Does America have a good plan for doing this, a strategy for victory in Iraq? Yes we do. And it is important to make it clear to the American people that the plan has not remained stubbornly still but has changed over the years. Mistakes, some of them big, were made after Saddam was removed, and no one who supports the war should hesitate to admit that; but we have learned from those mistakes and, in characteristic American fashion, from what has worked and not worked on the ground. The administration's recent use of the banner "clear, hold and build" accurately describes the strategy as I saw it being implemented last week.
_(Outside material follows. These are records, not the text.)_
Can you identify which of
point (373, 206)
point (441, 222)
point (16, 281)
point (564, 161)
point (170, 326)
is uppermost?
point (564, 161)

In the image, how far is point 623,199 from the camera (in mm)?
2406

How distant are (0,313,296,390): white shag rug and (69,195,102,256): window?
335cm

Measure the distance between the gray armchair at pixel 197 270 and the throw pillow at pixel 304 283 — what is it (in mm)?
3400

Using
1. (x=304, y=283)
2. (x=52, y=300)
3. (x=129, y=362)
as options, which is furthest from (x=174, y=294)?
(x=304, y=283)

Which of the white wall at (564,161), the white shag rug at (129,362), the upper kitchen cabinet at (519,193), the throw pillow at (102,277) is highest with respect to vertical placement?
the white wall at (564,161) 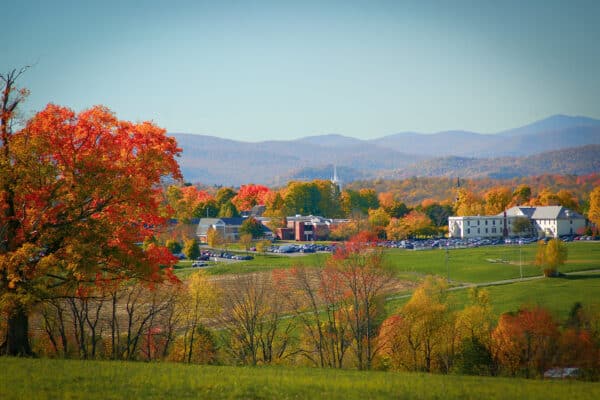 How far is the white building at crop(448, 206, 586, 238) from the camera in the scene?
11382cm

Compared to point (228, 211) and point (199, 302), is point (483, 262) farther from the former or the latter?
point (228, 211)

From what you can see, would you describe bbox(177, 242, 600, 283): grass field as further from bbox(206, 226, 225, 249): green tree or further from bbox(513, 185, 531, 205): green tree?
bbox(513, 185, 531, 205): green tree

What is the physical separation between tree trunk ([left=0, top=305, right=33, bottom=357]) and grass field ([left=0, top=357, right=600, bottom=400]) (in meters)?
3.07

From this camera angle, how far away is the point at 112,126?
22.3m

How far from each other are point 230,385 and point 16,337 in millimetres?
9372

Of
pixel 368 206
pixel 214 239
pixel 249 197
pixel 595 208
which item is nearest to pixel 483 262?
pixel 595 208

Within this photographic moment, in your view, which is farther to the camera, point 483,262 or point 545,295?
point 483,262

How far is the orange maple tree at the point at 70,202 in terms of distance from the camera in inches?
765

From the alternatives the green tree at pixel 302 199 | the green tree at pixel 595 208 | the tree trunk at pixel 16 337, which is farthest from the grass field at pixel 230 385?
the green tree at pixel 302 199

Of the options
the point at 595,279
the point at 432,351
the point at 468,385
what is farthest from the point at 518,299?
the point at 468,385

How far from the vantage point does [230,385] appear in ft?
48.1

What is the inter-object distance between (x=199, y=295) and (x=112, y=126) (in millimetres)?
15733

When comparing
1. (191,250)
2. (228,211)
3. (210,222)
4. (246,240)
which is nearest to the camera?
(191,250)

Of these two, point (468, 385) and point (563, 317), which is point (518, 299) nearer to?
point (563, 317) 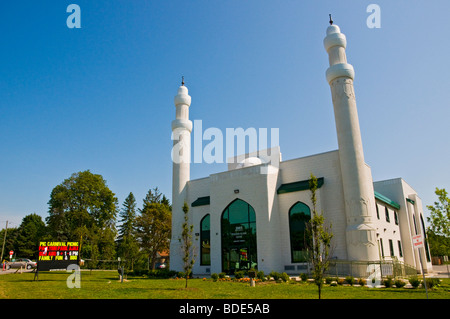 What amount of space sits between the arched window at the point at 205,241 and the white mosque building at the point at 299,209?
0.08 meters

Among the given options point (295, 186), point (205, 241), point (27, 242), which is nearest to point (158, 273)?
point (205, 241)

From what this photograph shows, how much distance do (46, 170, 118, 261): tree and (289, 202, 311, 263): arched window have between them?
80.8 ft

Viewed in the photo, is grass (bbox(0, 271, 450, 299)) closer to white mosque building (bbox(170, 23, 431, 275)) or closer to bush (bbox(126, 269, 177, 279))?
white mosque building (bbox(170, 23, 431, 275))

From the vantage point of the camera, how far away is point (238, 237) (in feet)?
83.0

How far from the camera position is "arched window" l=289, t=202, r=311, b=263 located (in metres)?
22.9

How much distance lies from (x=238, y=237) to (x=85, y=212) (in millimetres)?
23254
We are now embedding a core of coalition forces in every Iraqi fighting unit, which makes each unit more effective and acts as a multiplier of our forces. Progress in "clearing" and "holding" is being made. The Sixth Infantry Division of the Iraqi Security Forces now controls and polices more than one-third of Baghdad on its own. Coalition and Iraqi forces have together cleared the previously terrorist-controlled cities of Fallujah, Mosul and Tal Afar, and most of the border with Syria. Those areas are now being "held" secure by the Iraqi military themselves. Iraqi and coalition forces are jointly carrying out a mission to clear Ramadi, now the most dangerous city in Al-Anbar province at the west end of the Sunni Triangle.

Nationwide, American military leaders estimate that about one-third of the approximately 100,000 members of the Iraqi military are able to "lead the fight" themselves with logistical support from the U.S., and that that number should double by next year. If that happens, American military forces could begin a drawdown in numbers proportional to the increasing self-sufficiency of the Iraqi forces in 2006. If all goes well, I believe we can have a much smaller American military presence there by the end of 2006 or in 2007, but it is also likely that our presence will need to be significant in Iraq or nearby for years to come.
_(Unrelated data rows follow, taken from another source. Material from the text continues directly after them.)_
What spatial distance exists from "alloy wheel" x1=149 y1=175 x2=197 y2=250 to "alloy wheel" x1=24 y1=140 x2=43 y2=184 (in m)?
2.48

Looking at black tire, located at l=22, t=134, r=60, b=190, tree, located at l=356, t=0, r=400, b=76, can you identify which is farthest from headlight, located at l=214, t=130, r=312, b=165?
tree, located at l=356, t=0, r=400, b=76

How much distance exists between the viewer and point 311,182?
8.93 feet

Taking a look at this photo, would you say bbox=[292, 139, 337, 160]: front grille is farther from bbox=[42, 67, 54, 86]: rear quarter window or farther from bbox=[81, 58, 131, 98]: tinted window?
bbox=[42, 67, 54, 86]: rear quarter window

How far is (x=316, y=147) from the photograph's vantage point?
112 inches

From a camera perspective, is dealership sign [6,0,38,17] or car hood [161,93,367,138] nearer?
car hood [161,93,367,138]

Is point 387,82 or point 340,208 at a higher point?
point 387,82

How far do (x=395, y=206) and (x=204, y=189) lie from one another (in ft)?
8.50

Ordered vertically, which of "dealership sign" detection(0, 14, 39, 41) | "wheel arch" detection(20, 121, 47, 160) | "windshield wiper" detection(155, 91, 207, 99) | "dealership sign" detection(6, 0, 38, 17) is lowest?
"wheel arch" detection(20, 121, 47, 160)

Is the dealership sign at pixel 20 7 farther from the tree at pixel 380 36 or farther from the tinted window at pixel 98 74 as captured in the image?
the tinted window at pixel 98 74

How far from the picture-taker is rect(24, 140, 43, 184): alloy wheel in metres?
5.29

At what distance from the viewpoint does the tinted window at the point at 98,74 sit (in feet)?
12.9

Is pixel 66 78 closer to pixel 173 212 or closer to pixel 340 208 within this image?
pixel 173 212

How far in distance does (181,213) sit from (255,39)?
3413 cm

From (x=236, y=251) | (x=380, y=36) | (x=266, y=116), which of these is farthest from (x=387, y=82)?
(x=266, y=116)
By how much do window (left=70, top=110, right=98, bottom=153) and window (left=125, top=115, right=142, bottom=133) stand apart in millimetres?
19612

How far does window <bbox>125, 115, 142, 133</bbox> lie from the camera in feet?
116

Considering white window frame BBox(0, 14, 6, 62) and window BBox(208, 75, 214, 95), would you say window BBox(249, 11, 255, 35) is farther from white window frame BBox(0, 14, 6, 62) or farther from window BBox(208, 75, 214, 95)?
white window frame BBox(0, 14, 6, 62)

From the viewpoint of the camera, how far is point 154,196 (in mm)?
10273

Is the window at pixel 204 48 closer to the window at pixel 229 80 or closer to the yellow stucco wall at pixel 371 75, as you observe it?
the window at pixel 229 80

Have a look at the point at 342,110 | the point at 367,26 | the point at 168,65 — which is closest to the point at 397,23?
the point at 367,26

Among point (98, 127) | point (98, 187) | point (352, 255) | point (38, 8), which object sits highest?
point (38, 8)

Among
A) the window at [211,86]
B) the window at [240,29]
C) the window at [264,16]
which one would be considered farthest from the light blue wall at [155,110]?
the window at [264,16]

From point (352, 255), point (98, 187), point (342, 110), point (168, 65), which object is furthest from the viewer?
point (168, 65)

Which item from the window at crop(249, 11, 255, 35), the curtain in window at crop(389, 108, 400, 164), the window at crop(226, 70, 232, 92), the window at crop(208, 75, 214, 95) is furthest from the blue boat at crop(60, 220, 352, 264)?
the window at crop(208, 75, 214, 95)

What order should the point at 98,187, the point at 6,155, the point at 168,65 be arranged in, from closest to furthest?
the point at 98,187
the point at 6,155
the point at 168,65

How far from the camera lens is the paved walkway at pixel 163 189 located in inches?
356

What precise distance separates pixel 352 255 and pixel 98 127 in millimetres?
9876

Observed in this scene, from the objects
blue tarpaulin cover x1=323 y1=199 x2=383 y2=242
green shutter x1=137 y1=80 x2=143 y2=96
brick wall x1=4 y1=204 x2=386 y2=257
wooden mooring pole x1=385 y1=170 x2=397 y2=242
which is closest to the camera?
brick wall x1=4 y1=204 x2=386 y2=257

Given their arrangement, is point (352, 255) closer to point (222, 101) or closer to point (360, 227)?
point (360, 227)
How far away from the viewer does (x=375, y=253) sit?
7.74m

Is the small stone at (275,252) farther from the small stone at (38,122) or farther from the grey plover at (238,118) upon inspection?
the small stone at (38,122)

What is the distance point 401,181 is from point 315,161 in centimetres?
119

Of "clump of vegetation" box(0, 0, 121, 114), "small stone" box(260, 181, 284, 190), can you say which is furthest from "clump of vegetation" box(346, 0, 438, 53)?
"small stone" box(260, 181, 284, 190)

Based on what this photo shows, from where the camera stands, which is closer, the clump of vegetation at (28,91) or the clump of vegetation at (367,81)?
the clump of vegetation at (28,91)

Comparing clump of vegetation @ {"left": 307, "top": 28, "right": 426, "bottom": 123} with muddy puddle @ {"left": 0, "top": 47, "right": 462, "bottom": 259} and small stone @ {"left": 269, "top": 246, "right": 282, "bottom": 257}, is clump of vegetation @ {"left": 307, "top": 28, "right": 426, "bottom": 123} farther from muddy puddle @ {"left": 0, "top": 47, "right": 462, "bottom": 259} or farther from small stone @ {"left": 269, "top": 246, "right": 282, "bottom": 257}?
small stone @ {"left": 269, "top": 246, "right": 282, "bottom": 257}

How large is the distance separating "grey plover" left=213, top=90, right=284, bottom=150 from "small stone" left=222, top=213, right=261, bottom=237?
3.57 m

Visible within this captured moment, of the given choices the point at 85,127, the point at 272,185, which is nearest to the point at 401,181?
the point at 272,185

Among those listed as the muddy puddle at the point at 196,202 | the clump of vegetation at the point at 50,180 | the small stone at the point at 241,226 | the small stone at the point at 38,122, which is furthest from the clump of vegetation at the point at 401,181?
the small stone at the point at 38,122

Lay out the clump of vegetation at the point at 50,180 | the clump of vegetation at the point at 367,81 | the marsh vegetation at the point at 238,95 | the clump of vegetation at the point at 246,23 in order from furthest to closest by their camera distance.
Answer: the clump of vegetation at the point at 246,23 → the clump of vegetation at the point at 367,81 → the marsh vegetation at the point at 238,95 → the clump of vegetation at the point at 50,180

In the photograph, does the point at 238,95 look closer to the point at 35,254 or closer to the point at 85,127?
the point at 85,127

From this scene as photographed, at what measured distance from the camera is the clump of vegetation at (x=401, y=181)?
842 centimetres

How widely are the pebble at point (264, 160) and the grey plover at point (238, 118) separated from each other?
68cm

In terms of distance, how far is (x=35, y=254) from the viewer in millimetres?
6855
And Joe Klein almost six months ago.

What can the Democrats do? They can play politics or be responsible. The political option is to embrace "cut and run"; call for an immediate withdrawal, as Kerry did; and hope the public is so sick of Bush and sick of the war that it will punish the g.o.p. in the fall. But embracing defeat is a risky political strategy, especially for a party not known for its warrior ethic. In fact, the responsible path is the Democrats' only politically plausible choice: they will have to give yet another new Iraqi government one last shot to succeed. This time, U.S. military sources say, the measure of success is simple: Operation Forward Together, the massive joint military effort launched last week to finally try to secure Baghdad, has to work. If Baghdad isn't stabilized, the war is lost. "I know it's the cliche of the war," an Army counterinsurgency specialist told me last week. "But we'll know in the next six months—and this time, it'll be the last next six months we get."

I don't know how to break the endless cycle of Friedmans.